All broadcasters worth their salt aspire to take the road less travelled and be different. But it's understandable when, faced with the relentless demand of filling airtime, they end up taking a more familiar and trusted direction. Even so, when someone as experienced as Pat Kenny opts for a route he takes every day – literally, a report on his commute – it's tempting to think he's running out of ideas.

As it turns out, the audio record of his trip into work, on The Pat Kenny Show (Newstalk, weekdays), is one of Kenny's most entertaining items in yonks. The twist is that he travels in by bicycle (or, more precisely, by electric motor-assisted ebicycle), a method that takes him outside his comfort zone, with invigorating results.

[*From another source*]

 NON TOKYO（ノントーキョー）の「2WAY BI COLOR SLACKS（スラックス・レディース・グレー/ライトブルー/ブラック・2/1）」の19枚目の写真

Kenny being the meticulous pro he is, this is no open-ended meditation on the joys, or otherwise, of cycling but a project with clear goals. Informing us that the journey from his Dalkey home, in south Co Dublin, to the Newstalk offices in Dublin city centre normally takes a half hour by motorbike and an hour by car, he wants to see how long an ebike will take.

At first Kenny waxes lyrical, describing the “beautiful morning” and the people he passes. Soon, however, another side emerges, as he complains about the “extraordinary” fact that Dún Laoghaire’s new landmark, the Lexicon library, is not open on a Sunday.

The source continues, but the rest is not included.